La gouverneure de New York oppose son veto à l’interdiction des clauses de non-concurrence et affaiblit le projet de loi sur la transparence des LLC
- La gouverneure de New York, Kathy Hochul, a opposé son veto à l’interdiction des clauses de non-concurrence.
- Elle a apporté des modifications qui affaiblissent le projet de loi sur la transparence des LLC (sociétés à responsabilité limitée).
- Ces décisions devraient avoir un impact sur l’environnement juridique de l’État de New York.
L’avis de GN⁺
- Le veto à l’interdiction des clauses de non-concurrence pourrait avoir un effet important sur les pratiques des contrats de travail dans l’État de New York.
- L’affaiblissement du projet de loi sur la transparence des LLC entraînera des changements dans les exigences juridiques liées au mode de fonctionnement des entreprises.
- Ces décisions juridiques semblent devoir avoir des effets durables sur l’environnement économique et le marché du travail de l’État de New York, en particulier sur la compréhension des conditions contractuelles entre entreprises et salariés, ainsi que des responsabilités juridiques des entreprises.
1 commentaires
Commentaires sur Hacker News
Je comprends la nécessité des clauses de non-concurrence, mais en Slovénie, pour faire signer une telle clause, une entreprise doit en préciser la durée et la compensation financière. La terminologie juridique est un peu floue, mais ce compromis est intéressant et pourrait être encore amélioré avec quelques ajustements.
La Californie interdit les clauses de non-concurrence depuis 1872, et cela n'a ni tué l'innovation ni détruit les entreprises.
Un commentaire souligne le problème de transparence concernant la divulgation des propriétaires de LLC (sociétés à responsabilité limitée), en particulier pour les LLC de type "special purpose vehicle", où la situation est encore plus problématique.

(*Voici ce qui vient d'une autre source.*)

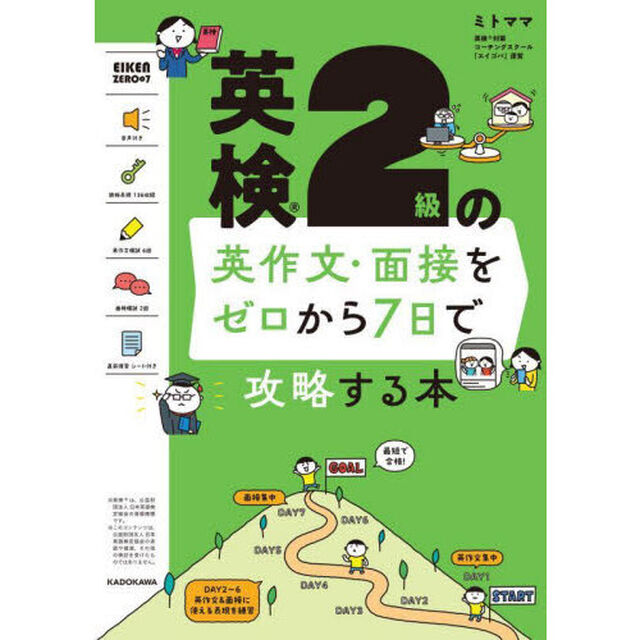 英検２級の英作文・面接をゼロから７日で攻略する本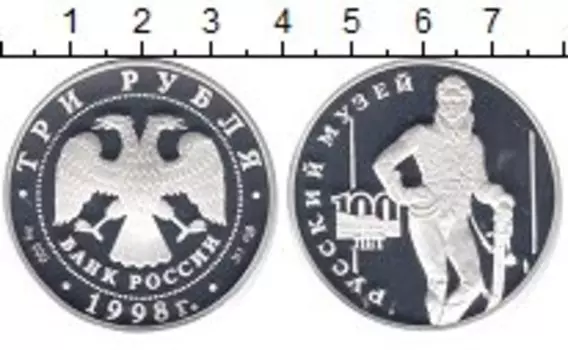 Монета 3 рубля России 1998 года Серебро Русский музей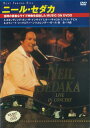 【おまけCL付】新品 ニール セダカ～ライブ イン コンサート～ミュージック オン DVD / NEIL SEDAKA (DVD) SID-05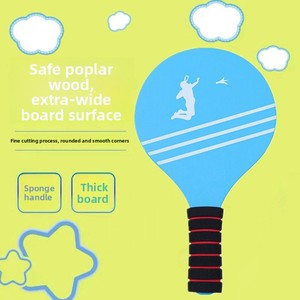 Ensemble de raquettes de <span class=keywords><strong>badminton</strong></span> pour enfants, <span class=keywords><strong>raquette</strong></span> de <span class=keywords><strong>badminton</strong></span> d'intérieur, jouet sportif - Product Image 2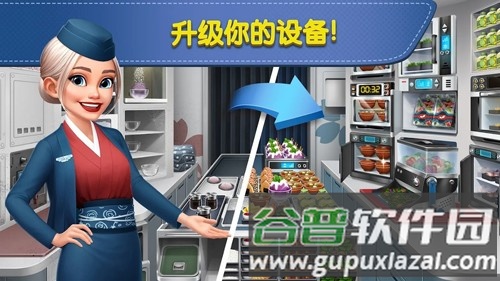 飞机厨师游戏中文版截图3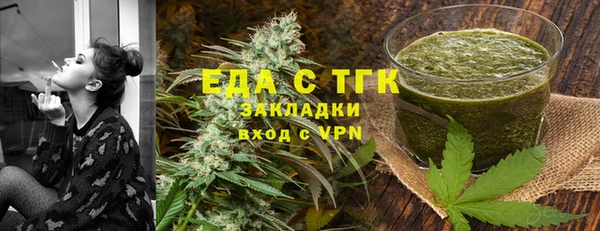 скорость mdpv Балахна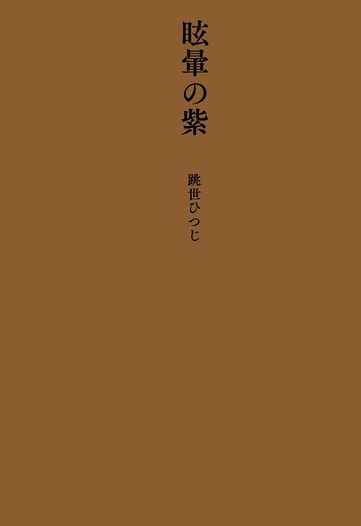 眩暈の紫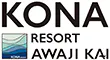 KONA RESORT AWAJI KAI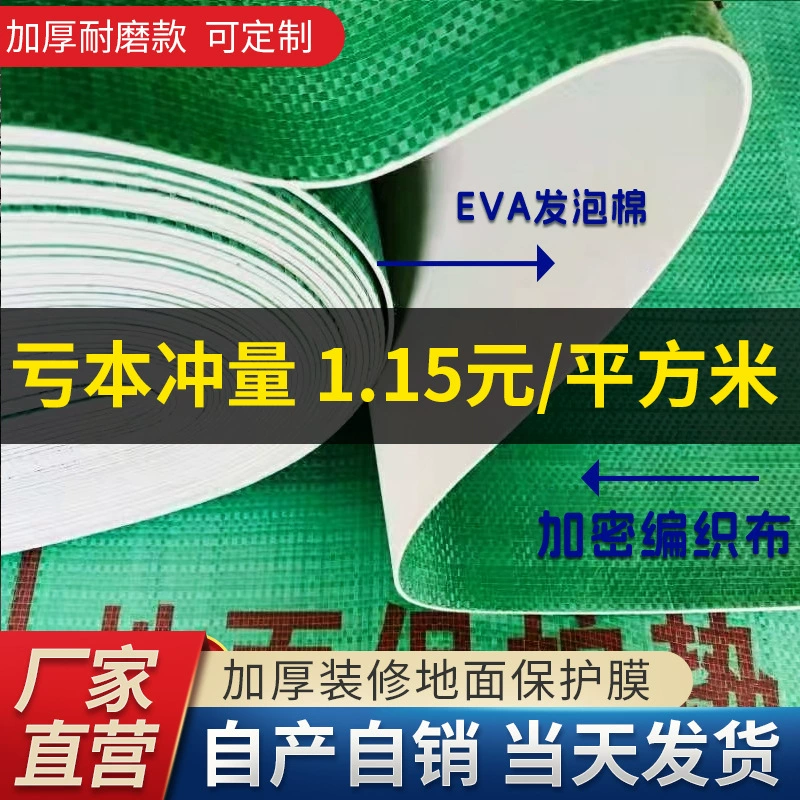 Защитная пленка для пола, украшение, влагостойкая пленка для пола в помещении, одноразовая утолщенная пленка для мульчирования OPP, напольная плитка, защитная накладка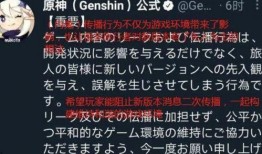 内鬼爆料太猛了视频下载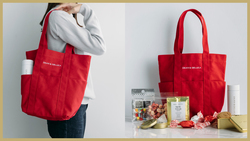 口福を詰め込んだ福袋2026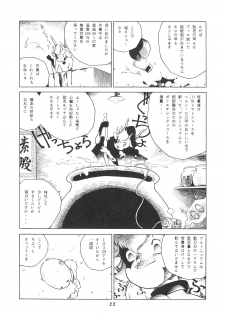 (C45) [Toraya (ITOYOKO)] Yousei tengoku hourai-oubic - page 21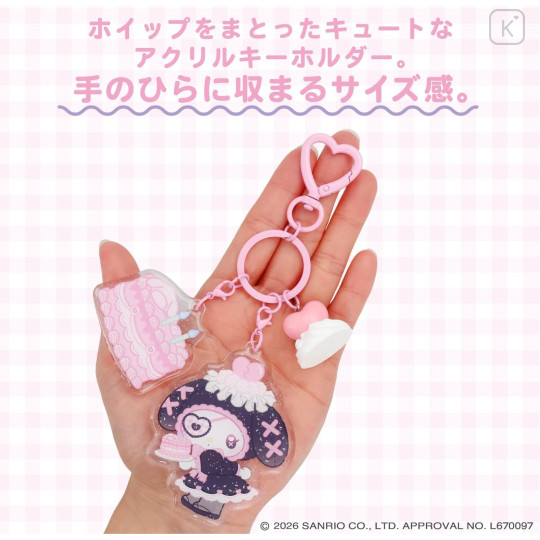 Japan Sanrio Acrylic Keychain - My Melody : Dreamy Sweets Ghost House - 4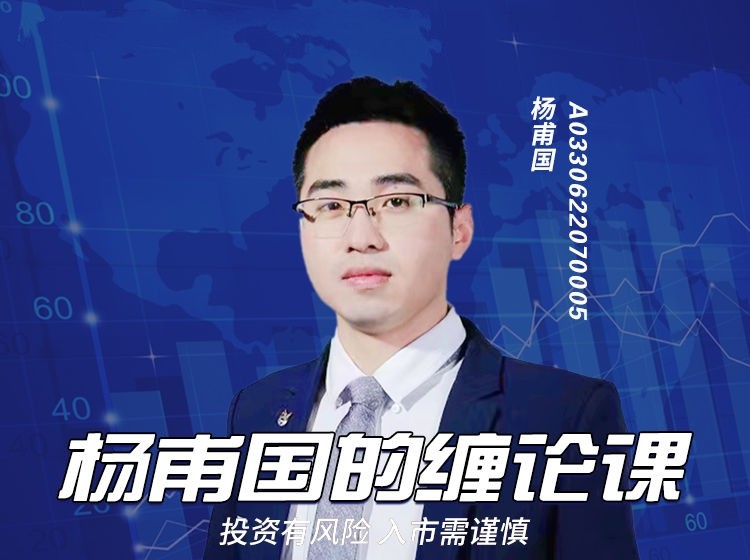 杨甫国的缠论课百度网盘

Le fait qu'une gouverneure rejette la moitié des projets de loi approuvés par les législateurs semble indiquer un grave problème dans le processus législatif.

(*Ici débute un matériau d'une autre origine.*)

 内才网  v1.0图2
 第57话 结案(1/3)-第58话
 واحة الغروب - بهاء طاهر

Les clauses de non-concurrence n'imposent des obligations qu'à l'employé, pas à l'employeur. Si elles doivent être appliquées, l'employeur devrait au minimum continuer à verser le salaire minimum jusqu'à leur échéance.

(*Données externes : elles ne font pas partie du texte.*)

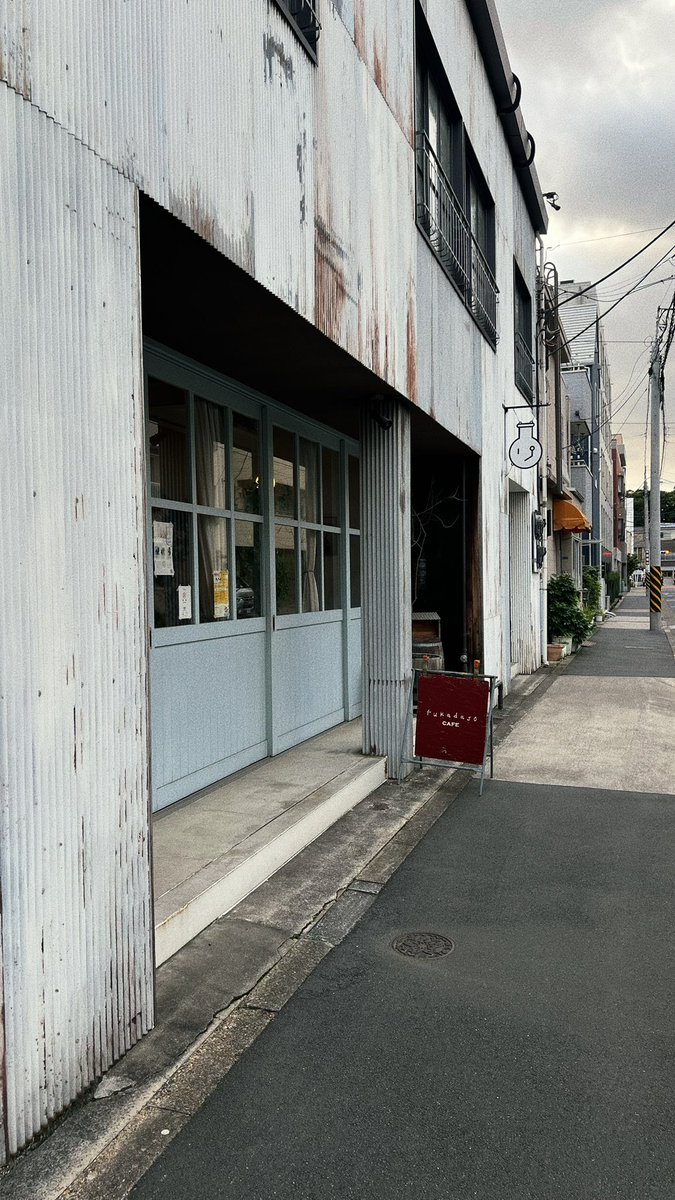 __nmsk13's tweet photo. こういうカフェがあるから、
清澄白河が好き☕️

古い建物の雰囲気も、
ゆっくり座れるソファーも、
かわいいわんちゃんも全部よかった。

📍fukadaso cafe https://t.co/uSNZRay7Uz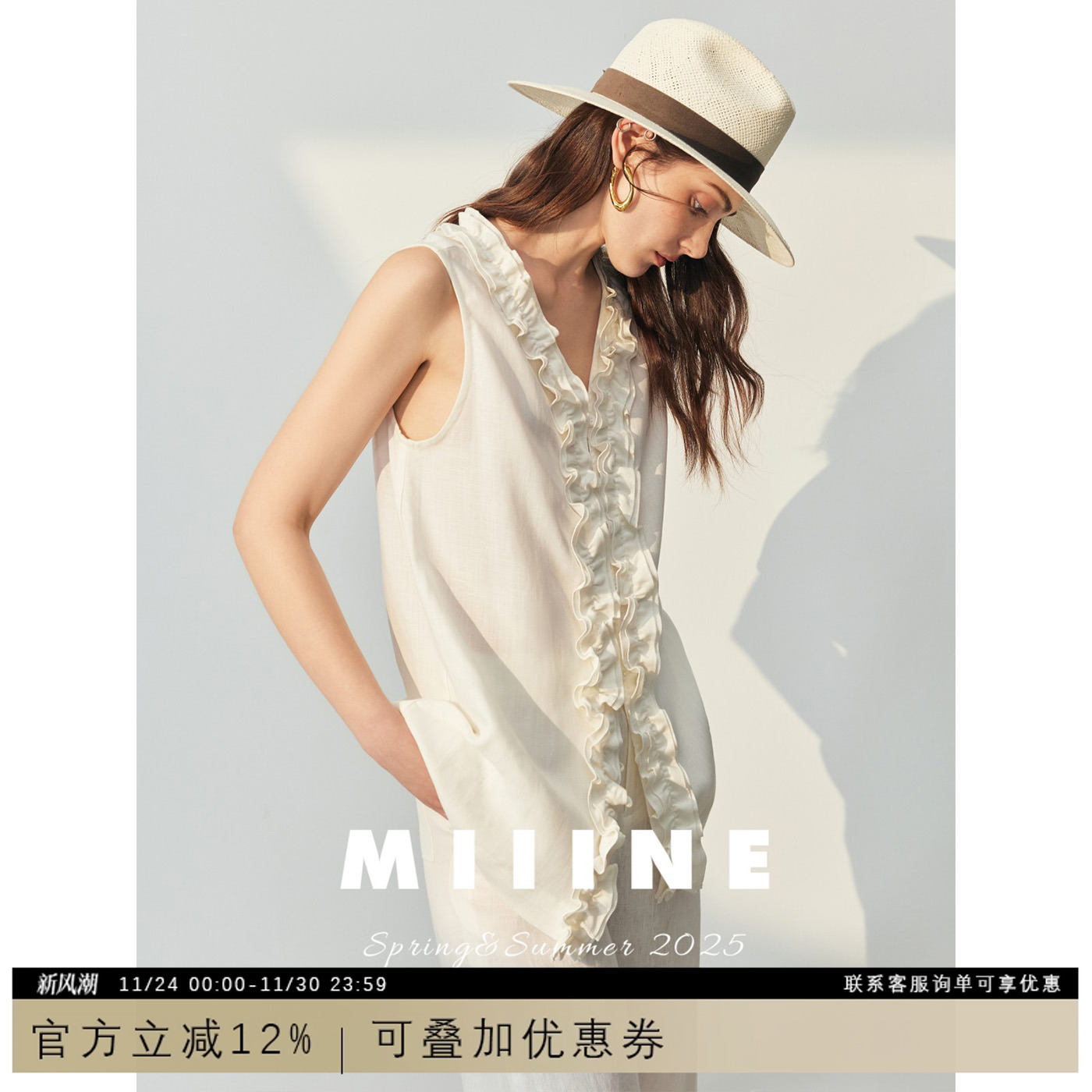 MIIINE 南法假日 V领木耳边无袖衬衫女上衣马甲背心 法式高级感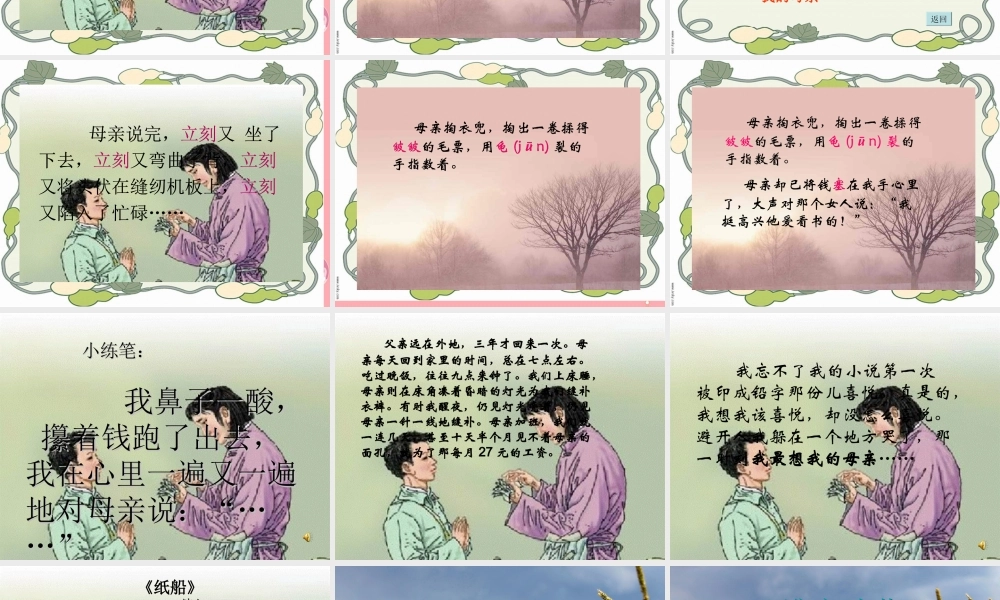 秋五年级语文上册 第18课 慈母情深课件1 新人教版-新人教版小学五年级上册语文课件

Proposition de compromis sur les clauses de non-concurrence : fixer un plafond de revenus, les lier à la propriété intellectuelle ou à un savoir exclusif, et les rattacher au contrat de travail.
Un commentaire souligne les différences entre les environnements économiques de New York et de la Californie, et explique pourquoi les entreprises financières new-yorkaises tiennent à conserver les clauses de non-concurrence.
Une personne s'interroge sur la nécessité même des clauses de non-concurrence, qui semblent ne profiter qu'aux employeurs.
Un avis opposé aux clauses de non-concurrence soutient qu'elles sont inutiles, car d'autres accords existent déjà, comme les clauses de non-sollicitation de clients, de confidentialité et de cession de propriété intellectuelle.